On December 12, the Bureau of Offshore Energy Management (BOEM) hosted the first Gulf of Maine Intergovernmental Renewable Energy Task Force Meeting at the University of New Hampshire. This meeting was the kick-off for the new Task Force, which includes members of state agencies, state and local officials, and tribal representatives from Massachusetts, New Hampshire, and Maine. Governor Sununu opened the meeting and expressed great interest and enthusiasm for the Task Force’s work and the future of the offshore wind industry in the Granite State. Furthermore, the meeting was standing-room only, demonstrating the deep interest of stakeholders and members of the public in offshore wind energy.
Clean Energy NH was present at the Task Force Meeting and has compiled some highlights below. If you missed the meeting or want to learn more about any of the items described below, BOEM will be posting all of the day’s presentations online here: https://www.boem.gov/renewable-energy/state-activities/gulf-maine-intergovernmental-renewable-energy-task-force-meeting
The Task Force provides a mechanism for coordination with stakeholders. The purpose is to provide a platform for information exchange, as the Task Force is neither a decision making nor approval body. A final charter will be finalized and released after January 3rd.

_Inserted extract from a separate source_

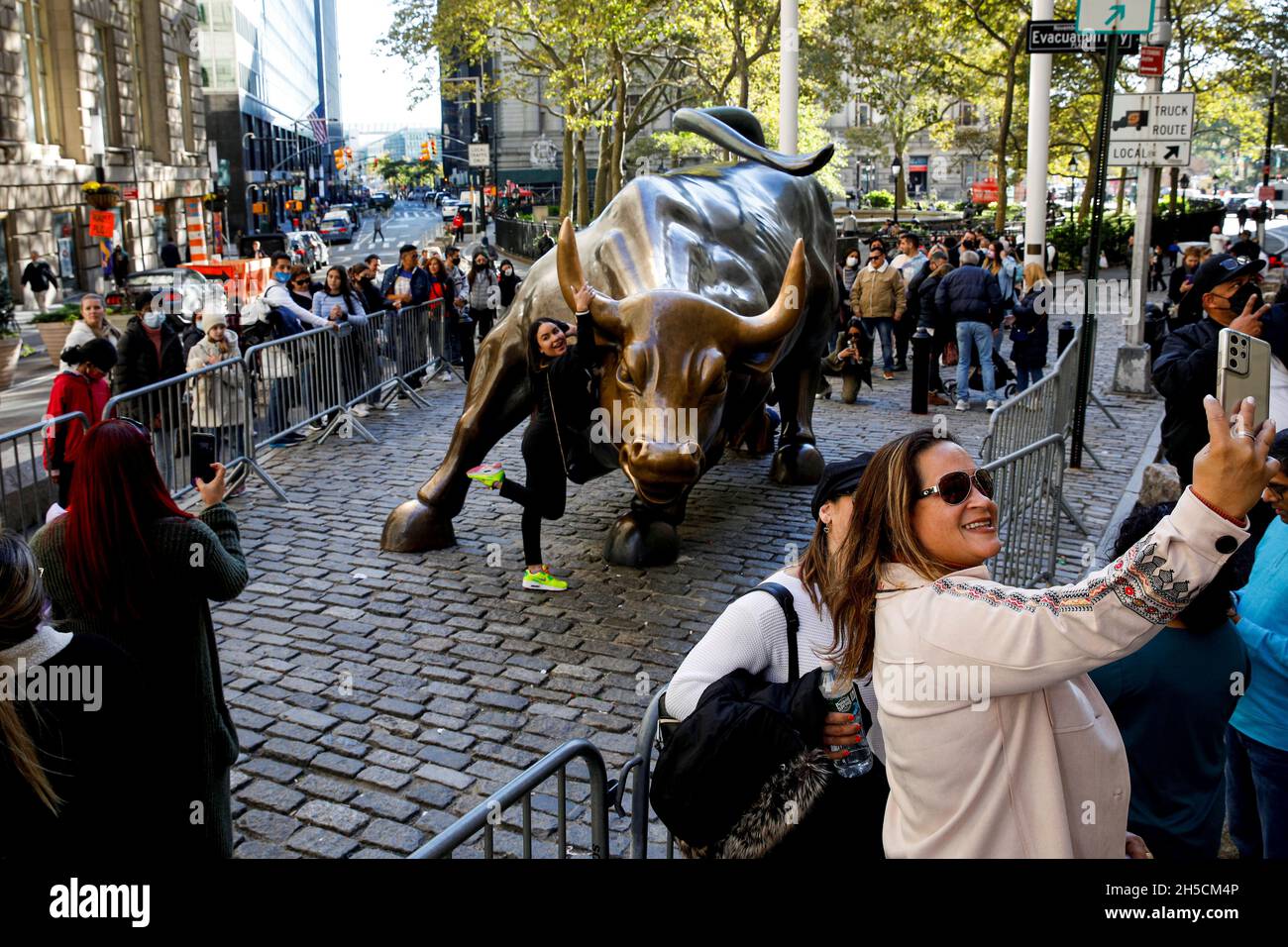 I turisti si riuniscono intorno alla statua di Charging Bull, anche conosciuta come Wall St. Bull, a seguito della revoca delle restrizioni all'ingresso di cittadini non statunitensi imposti per contribuire a contenere la diffusione della malattia di coronavirus (COVID-19), a New York, Stati Uniti, 8 novembre 2021. REUTERS/Brendan McDermid Foto Stock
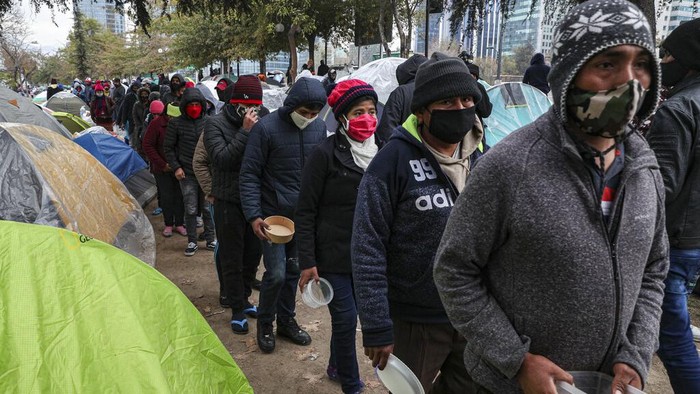 A Bolivian migrant pases a box milk while others in line up for a free lunch at a camp outside the Bolivian consulate to demand repatriation, amid the spread of the new coronavirus and lack of work in Santiago, Chile, June, Tuesday, 2, 2020. Citizens of Peru, Bolivia, Venezuela and Colombia living in Chile are camping in front of their respective consulates to demand that they help them to return home. (AP Photo/Esteban Felix)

The process for offshore wind energy development is as follows, with approximate length of time for each stage of the process:
· Planning & Analysis (up to 2 years)
· Leasing (1-2 years)
· Site Assessment (approximately 5 years)
· Construction & Operation (2 years)
Activities involved during these phases include identifying lease areas, environmental review, sale notices, comments, and auctions, site characterization surveys and site assessment plans, and engineering reports. See BOEM’s presentation for a helpful chart describing each phase, the associated work to be completed during each phase, and sample time frames.

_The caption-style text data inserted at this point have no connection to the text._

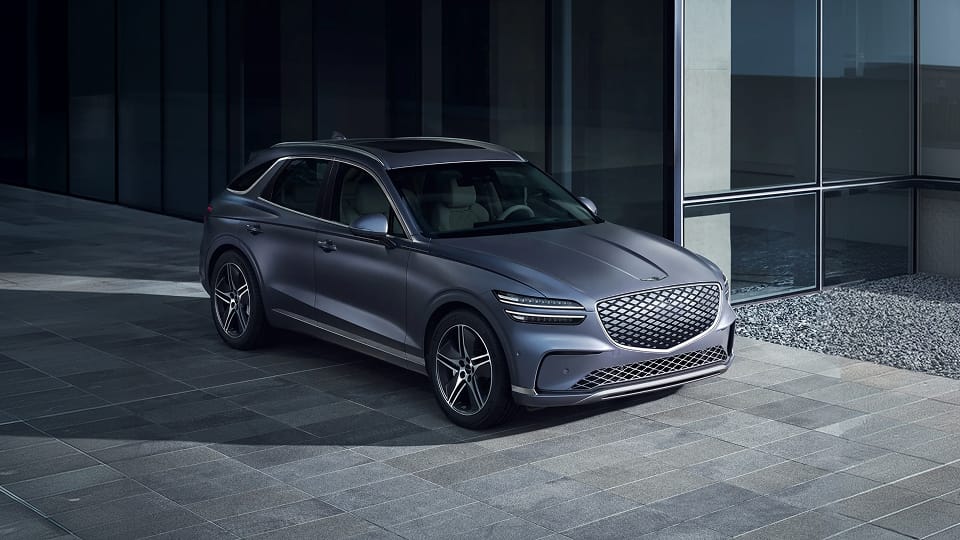 Genesis GV70 parked outside modern office building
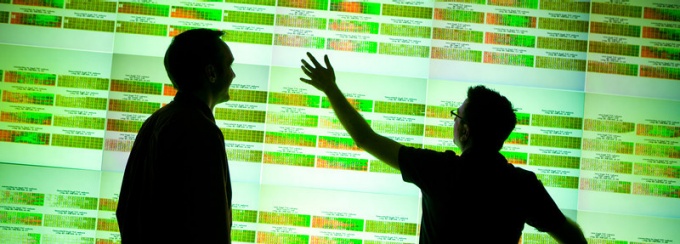 Two people are in shadow in front of a large tiled display wall with genomic information displayed on it. 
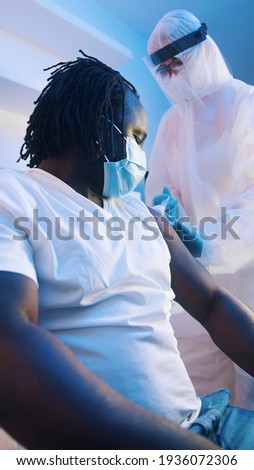 Vertical. Nurse in protective suit giving vaccine against coronavirus to african american black man. High quality photo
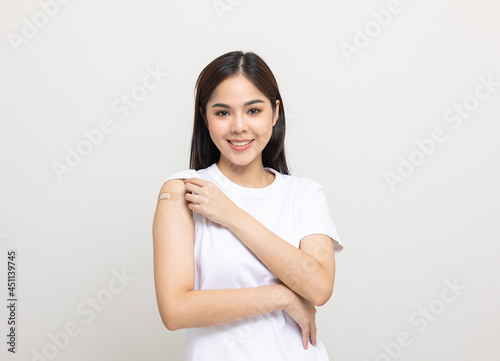 Vaccination. Young beautiful asian woman getting a vaccine protection the coronavirus. Smiling happy female showing arm with bandage after receiving vaccination. On isolated white background. © Chanakon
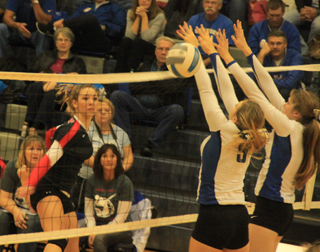 Mykaela McWilliams pounds one past Genesee's blockers in the championship match.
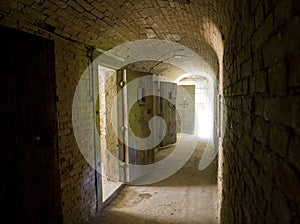 Corridor to isolation cells in an abandoned prison photo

This means New Hampshire could see offshore wind projects in approximately 10 years. However, the state has the ability to prepare and benefit from economic development in the very near future through offshore wind supply chain development.

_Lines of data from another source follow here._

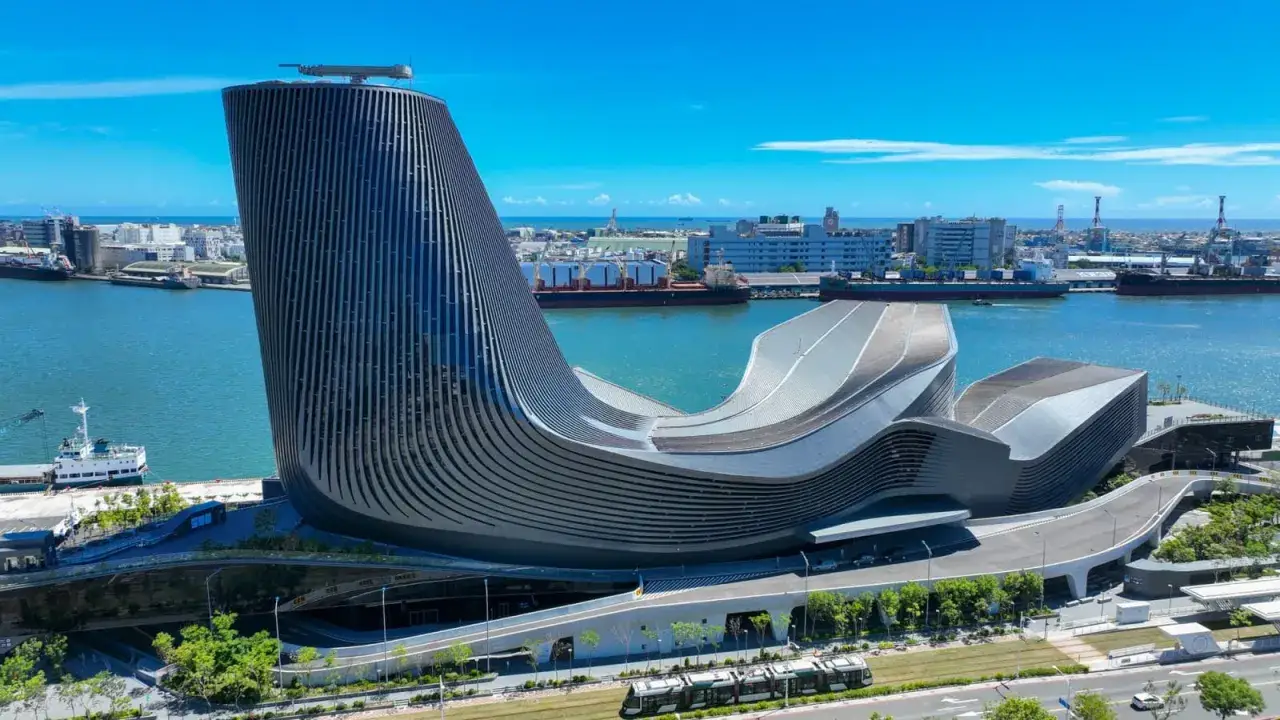 Moderne Architektur am Kaohsiung Port: Ein geschwungenes Geb&auml;ude mit vertikalen Lamellen ragt neben Frachtschiffen und dem blauen Meer auf.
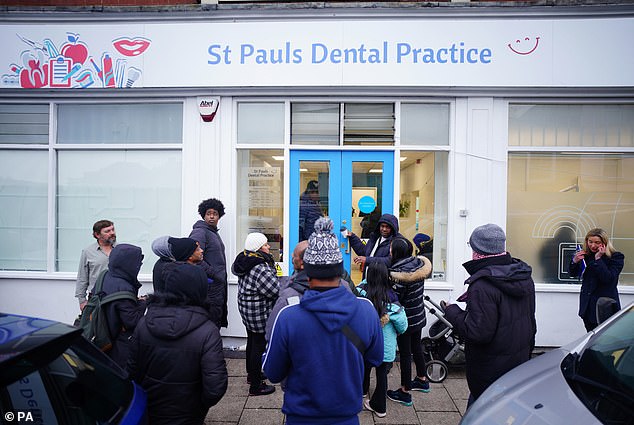 The police were even forced to turn away some patients.  Pictured, patients outside St Pauls dental surgery on Wednesday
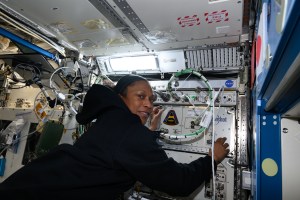 Expedition 70 Flight Engineer and NASA astronaut Jeanette Epps installs the Advanced Space Experiment Processor-2, or ADSEP-2. The scientific device can interface with the Dragon and Cygnus cargo craft and houses cassettes that process samples for biology and physics research including cell and tissue culturing, protein crystal growth, microorganism and bacteria studies, and materials science research.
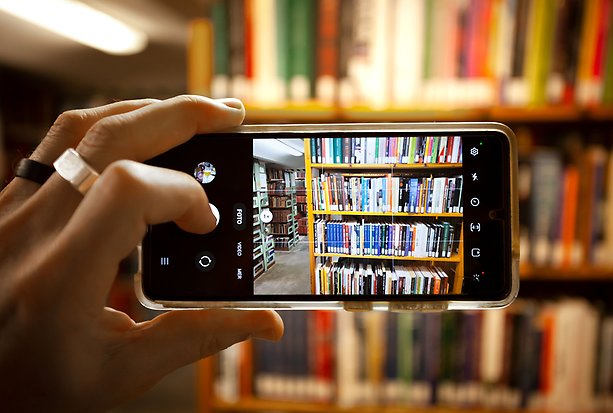 Bokhyllor med böcker sedda genom en mobilkamera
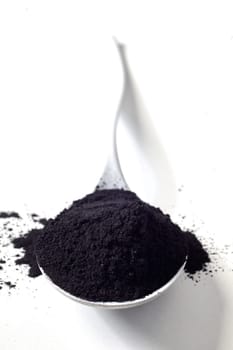 Spoonful of organic activated food grade charcoal used to adsorb toxins and cleanse and detoxify the body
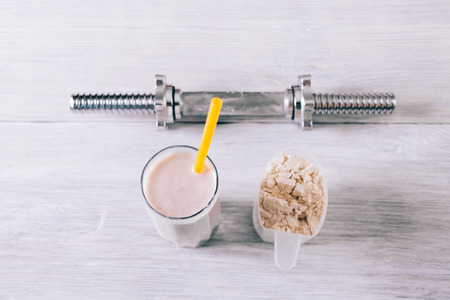 Protein cocktail in a glass, scoop and dumbbell on a white wooden table top viewの写真素材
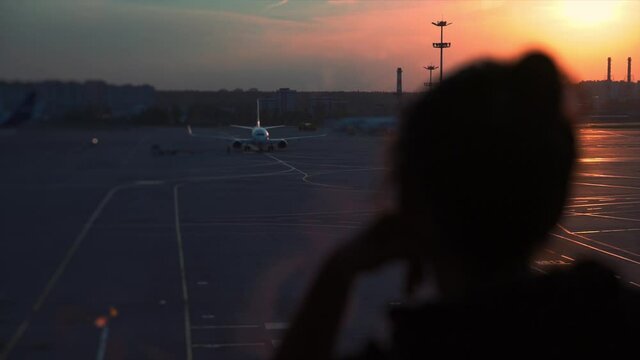 sad traveller stands at the airport window. Airplanes canceled empty runway and lounge, Empty Airport terminal clossed hall, international departure in coronavirus pandemic. Empty seats with no people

Representatives from New Hampshire, Maine, and Massachusetts presented on each state’s renewable energy goals and perspectives on offshore wind development. Agencies in New Hampshire that are very involved in offshore wind include the Office of Strategic Initiatives and the Department of Business and Economic Affairs, and representatives from many others are involved with the Task Force to ensure economic and environmental interests are well-represented.
All meetings of the Task Force are open to the public, who were permitted to state comments during a portion of the meeting. Stakeholders representing Eversource, IBEW, commercial fisherman, and climate advocates expressed their views. Comments were overwhelmingly positive although a few stakeholders expressed concern and caution for how development could impact fishing interests and wildlife. An important resource for offshore wind environmental impact literature is called “Tethys” and can be accessed at https://tethys.pnnl.gov/institution/boem-office-renewable-energy-programs
The meeting continued with presentations from Task Force members including the Navy, Coast Guard, National Oceanic & Atmospheric Administration, National Marine Fisheries Service, NOAA Coastal Zone Management, Northeast Regional Ocean Council, New England Fishery Management Council, and Responsible Offshore Development Alliance. Information was also presented by the U.S. Department of Energy.
The next meeting of the BOEM Task Force has not yet been scheduled. Clean Energy NH will send an update when the next meeting is scheduled, and we encourage our members and supporters to attend meetings if they are interested in offshore wind!